Stock Option Agreement
THIS AGREEMENT is dated for reference the 11th day of January, 2002,
among:
XX. XXXXXXX XXXXXXXXX, of 00000 Xxxxxxx Xxxxxxxxx, 0xx
Xxxxx, Xxxxxxx Xxxx, Xxxxxxxxxx 00000
(the "Optionor") OF THE FIRST PART
AND:
612559 B.C. LTD., a company duly incorporated pursuant to
the laws of Province of British Columbia and having its
registered and records office at Suite 1200, 000 Xxxx
Xxxxxxxx Xxxxxx, Xxxxxxxxx, Xxxxxxx Xxxxxxxx, X0X 0X0
(the "Optionee") OF THE SECOND PART
WHEREAS:
A. Pursuant to the subscription agreement (the "Subscription Agreement")
dated for reference the 11th day of January, 2002, between the Optionor
and MarketU Inc. ("MarketU"), the Optionor has agreed to acquire a certain
number of Series B Preferred Shares ("Preferred Shares") from MarketU.
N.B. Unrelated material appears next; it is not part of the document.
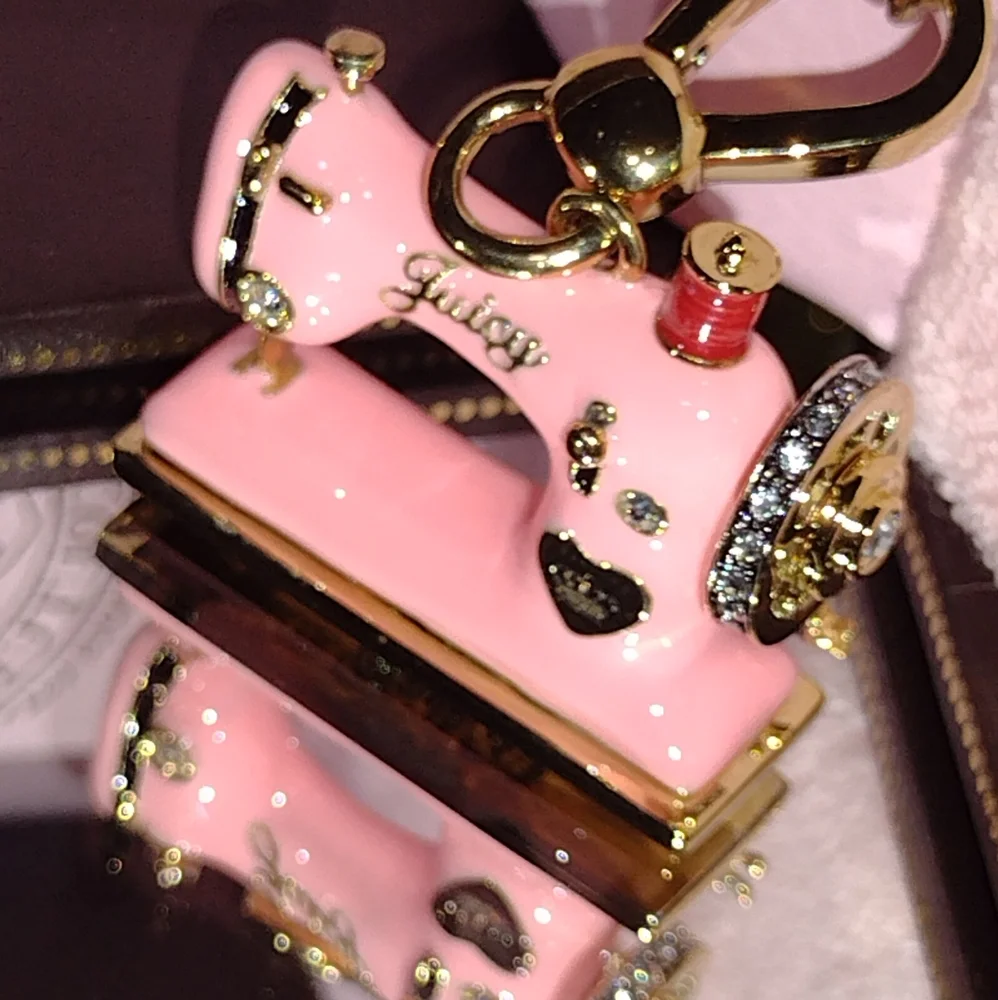 Juicy Couture 💕 🪡 Sewing 🧵 Machine Never Removed From 🎁 NWT - Picture 8 of 8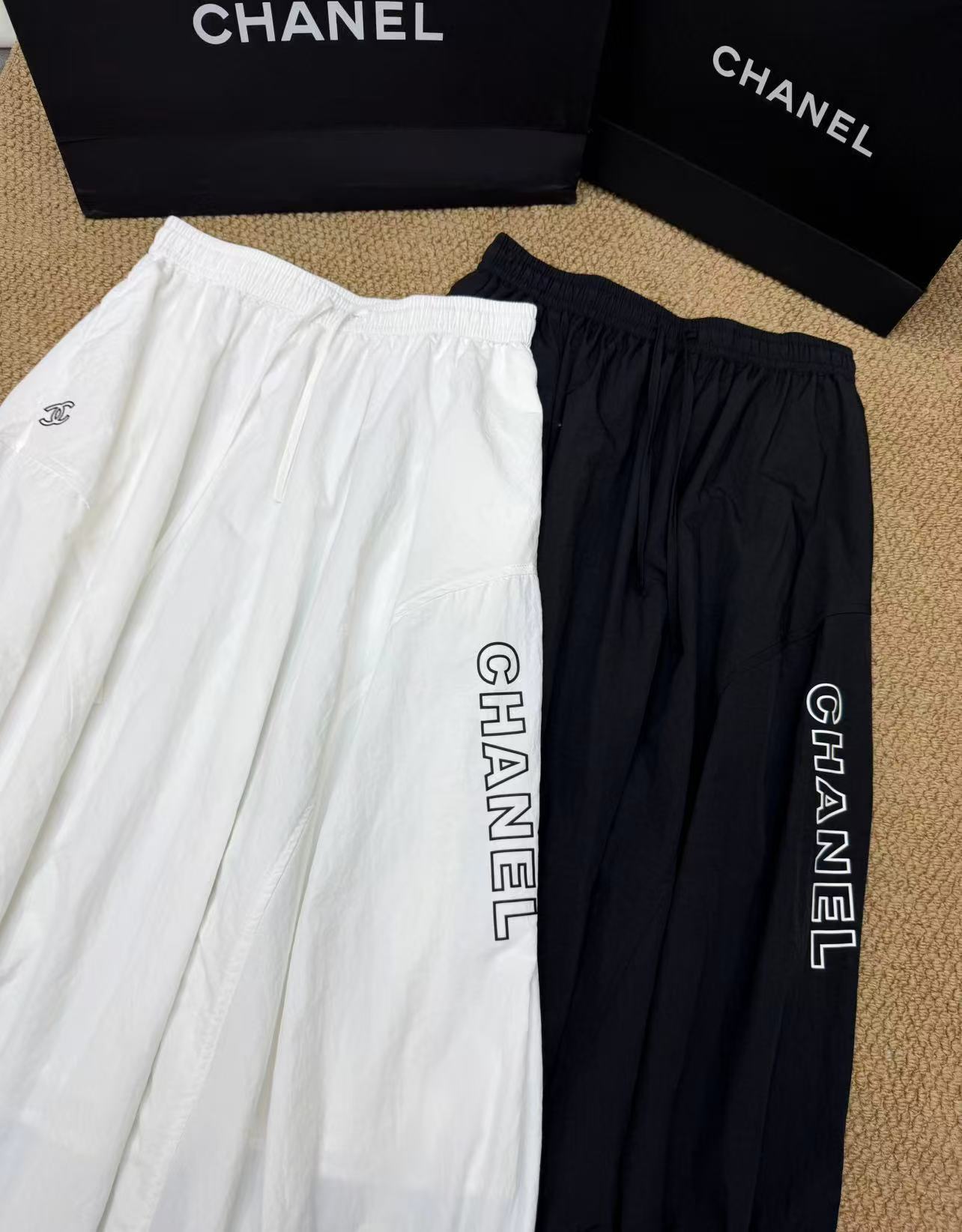 Cha New Drawstring Pleated Midi Skirt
Each Preferred Share may at any time be exchanged for one Common Share of
the Company without additional payment to the Company.
B. The Optionor desires to grant, and the Optionee desires to obtain, an
option to purchase 50% of the total number of Preferred Shares of the
Company acquired by the Optionor pursuant to the Subscription Agreement,
including any Common Shares acquired by the Optionor upon conversion of
the Preferred Shares, during the term of this share option agreement (this
"Agreement") and pursuant to the terms and conditions of this Agreement.
NOW THEREFORE THE PARTIES HERETO AGREE AS FOLLOWS:
1. Consideration for Option. Subject to the terms and conditions of this
Agreement, the Optionee hereby pays to the Optionor, and the Optionor
hereby accepts from the Optionee, the sum of US$2.00 as consideration for
the granting of the Option (as hereinafter defined).
2. The Option. The Optionor hereby irrevocably grants to the Optionee an
option (the "Option") to purchase 50% of the total number of Preferred
Shares of the Company acquired by the Optionor pursuant to the Subscription
Agreement, including any Common Shares acquired by the Optionor upon
conversion of the Preferred Shares, (collectively, the Preferred Shares and
Common Shares which are subject to the Option are referred to as "Subject
Shares") on the terms and conditions herein described.
3. Option Expiry Date. The expiry date of the Option (the "Expiry Date") shall
be 4:00 p.m. Vancouver time on February 28, 2003.
4. Effect of Expiry. If the Option is not exercised by the Optionee on or
before the Expiry Date, the Option shall be null and void, and neither
party will have any further or ongoing obligation to each other as may be
described in this Agreement on and after the Expiry Date, unless the
parties agree to in writing to extend the Expiry Date.
5. Effect of Exercise. If the Option is exercised before the Expiry Date, the
Optionor and the Optionee shall be deemed to have entered into a binding
agreement for the sale and purchase of the Subject Shares pursuant to the
Option on the terms and conditions set forth in this Agreement.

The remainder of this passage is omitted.